┏━━

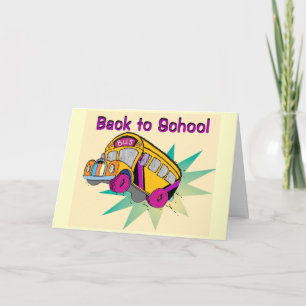 Back to School Bus-card Karte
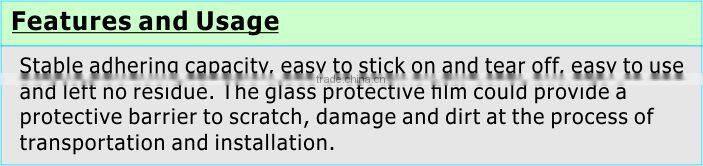 pe plastic adhesive film protect glass and frame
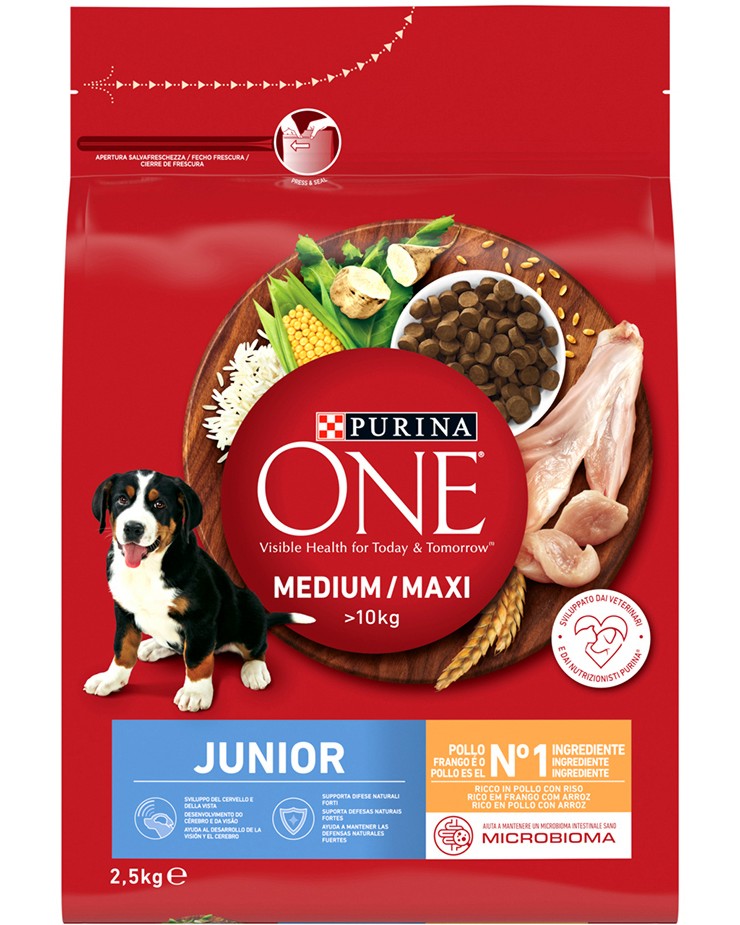     Purina One Medium & Maxi Junior - 2.5 kg,    ,     ,   - 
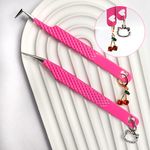 Custom 45 90 Degree Volume Lash Tweezers With Pendant Fiber Tweezers With Charms Lash Extension Tweezers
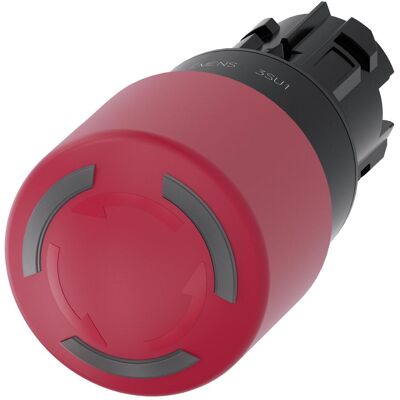 Bouton d'arrêt d'urgence Siemens - Montage en panneau, 22mm, IP66/IP67/IP69 Bouton d'arrêt d'urgence Siemens - Montage en panneau, 22mm, IP66/IP67/IP69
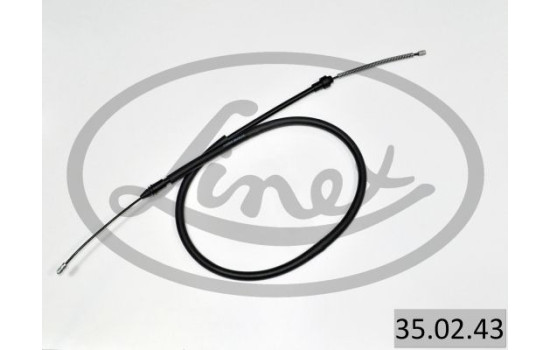 Traction cable, parking brake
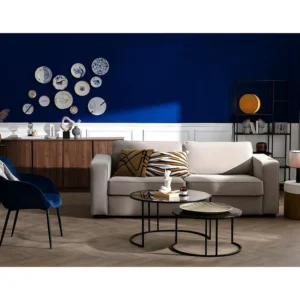 Credenza di design effetto noce L180 cm COMO Noce Naturale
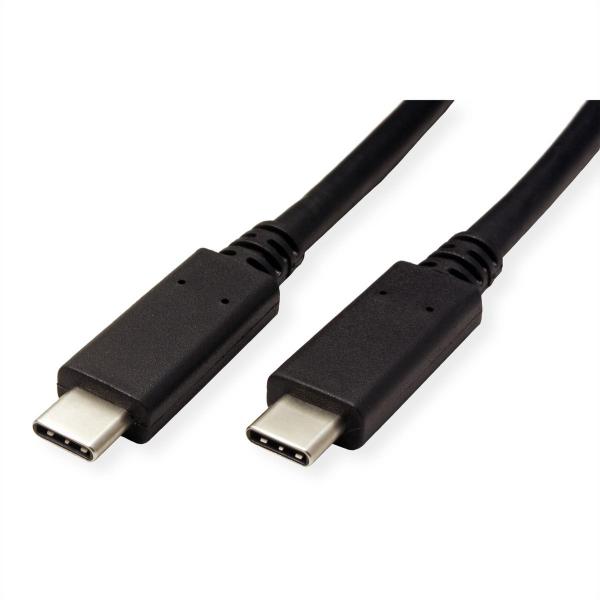 ROLINE GREEN CAVO USB3.2 GEN2, PD 20V5A, WITH EMARK, C - C, M/M, BLACK, 0.5M [11.44.9056]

┗━━

EXERCISE OBJECTIVE
Your task is to return the lines above, from the first one up to and including the line containing "22mm, IP66/IP67/IP69 Bouton", minus any pictures.

THE COMPLETED TASK
 Back to School Bus-card Karte
 pe plastic adhesive film protect glass and frame
     Purina One Medium & Maxi Junior - 2.5 kg,    ,     ,   - 
 Custom 45 90 Degree Volume Lash Tweezers With Pendant Fiber Tweezers With Charms Lash Extension Tweezers
 Bouton d'arrêt d'urgence Siemens - Montage en panneau, 22mm, IP66/IP67/IP69 Bouton d'arrêt d'urgence Siemens - Montage en panneau, 22mm, IP66/IP67/IP69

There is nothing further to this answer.